Monday, December 19, 2011
Friday, December 9, 2011
Here’s how I spent my hour painting today…
First I printed one of my photos of Koi ponds from our visit to Hakone. I used that to better inform the previous vague fish shapes and to make decisions about the value pattern that is developing.
Then I painted negatively around these shapes using thalo turquoise and transparent red Iron oxide. I also painted into a few of the fishes with tinted white… using the same two colors but adding some indian yellow for the fish bodies. I’m enjoying this painting. It’s the type of painting that can be done in small increments which is just what I need right now.
Still lots to do on this painting but we’re off to look after grandson Parker [21 months] for the evening so his folks [daughter Kim and SIL Kyle] can take in a Christmas Party. Should be fun!
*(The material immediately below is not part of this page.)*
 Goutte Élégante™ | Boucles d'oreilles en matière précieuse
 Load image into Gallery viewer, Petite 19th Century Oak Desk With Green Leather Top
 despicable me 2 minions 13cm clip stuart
Thursday, December 8, 2011
I began with some light washes of orange and blue. Once dry I wet the paper and dumped a layer of yellow and two reds. While still wet I used some texturing tools and a brayer to lift some areas. This made some subtle checkered and leafy textured places. Some areas were still quite wet and I patted down a garbage bag and left it sit overnight. Today I pondered the results and it is giving me a feeling of Koi fishes… I saw plenty of those in Japan and have loads of photos to help me out. Before I commit to making this about fish, I thought I would add a few general fish shapes. I made most of the edges soft because I want lots of options tomorrow.
Friday, December 2, 2011
On November 3rd, we left Tokyo to spend a few days at “Tak”, a much loved haunt for Candice and Doug’s family. Tak is a cluster of a few dozen vacation cabins on the south side of Matsushima Bay, Myagi Prefecture… just a bit north of Sendai. I would have loved to see this area before the Tsunami! It is hauntingly beautiful, and has a special place in the hearts of many Japanese people.
When the tsunami hit March 11, these hundreds [~260] of small islands absorbed most of the damaging power of the waves and thus spared many of the treasures in the shrines and museums in town, not to mention the the threat of injury and death for the residents. I know nothing of Kanji personally but I googled the Kanji symbol for shelter and found Toku. This little painting is all about that protection and shelter so I added the Kanji.
I have very fond memories of the time we spent in the north. We enjoyed spending time with the kids and playing the tourist. We walked on the beach with the kids and listened to their stories and thoughts from March 11. I’m so glad the kids weren’t at the cottage then! The tsunami warning system did its job and saved thousand of lives – very few lives were lost in Shichigahama where we stayed, despite the horrific property damage. The area called “Tak”, where Candice and Doug have their little cottage, is perched high up on the hill overlooking the ocean. Only two cottages sustained damage – Candice and Doug’s foundation required major repair and their neighbour had water in the basement. They got off very, very lightly.
It was hard to grasp the horror of the tsunami when looking out to sea on those gorgeous November days. But, when one turned away from the sea there was a surreal, flattened landscape of bare concrete foundations as far as the eye can see. The trees at the beach are bent and twisted but most will survive… much like the people of this area who are rebuilding their lives as best they can. Stoically, steadily, slowly. I’d like to help in some way.
Here are a few photos we took in Myagi prefecture:
Walkabout to introduce Grandma and Grandpa to the area
Living on the old foundation!
Beach view from the Tak cliff
Beach view from cottage deck – note the damaged Tsunami warning siren just below the trees. The water rose to the base of these trees.